CORDERO: So this is a good point for me to ask you this question. In a recent op-ed, Tom, you wrote that Judge Kavanaugh's nomination specifically has highlighted the relationship between the Judicial and Executive branch. Why is that?
 

JIPPING: Well, again, as we mentioned about civics class, you know, the government power is divided up into those three branches, but those are three branches also have relationships with each other. The funny thing about Judge Kavanaugh, and I'm sure this will come out during his hearing, you know, liberals don't like President Trump. Everybody knows that. So they're going to try to press Judge Kavanaugh 'cause they want to have him set limits on President Trump, and you know, judges are supposed to keep President Trump from doing what at least liberals don't like. At the same time, liberals love the rest of the Executive branch. They love all those agencies that are in the different departments and all the bureaucrats that are running around producing all of these regulations and these rules. Well, the President is in charge of the Executive branch. You can't separate the chief executive from the Executive branch. Liberals can't have it both ways. They can't say you gotta control the President, but you got to leave your hands off the rest of the Executive branch. I think Judge Kavanaugh sees the two as being related not as being separate and this hearing will be a great opportunity for him to discuss those views.
 

CORDERO: So basically you're saying that liberals can't call for limits on the President because they don't like him, but then oppose limits on the Executive branch agencies like the CFPB because they do like them. So Tom, in conclusion, Ronald Reagan, Antonin Scalia and our own Ed Meese, they all talk about returning to originalism.
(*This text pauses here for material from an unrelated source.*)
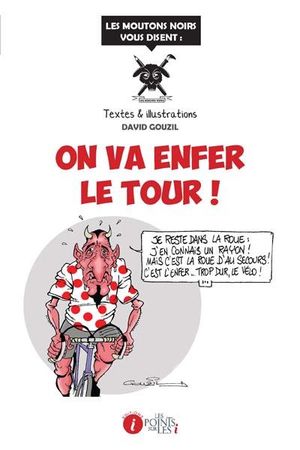 On va enfer le tour !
And I know this is a loaded question, but I think it's an important way to frame the upcoming hearings. Why is this the right way as opposed to any other judicial philosophy?
 

JIPPING: Well, our originalism refers to how a judge finds the meaning of the Constitution or statutes. Is it the original meaning or is it meaning that the judge makes up? And when you look at it that way, originalism actually recognizes that our laws have meaning. The alternative to originalism is a Constitution that doesn't mean anything.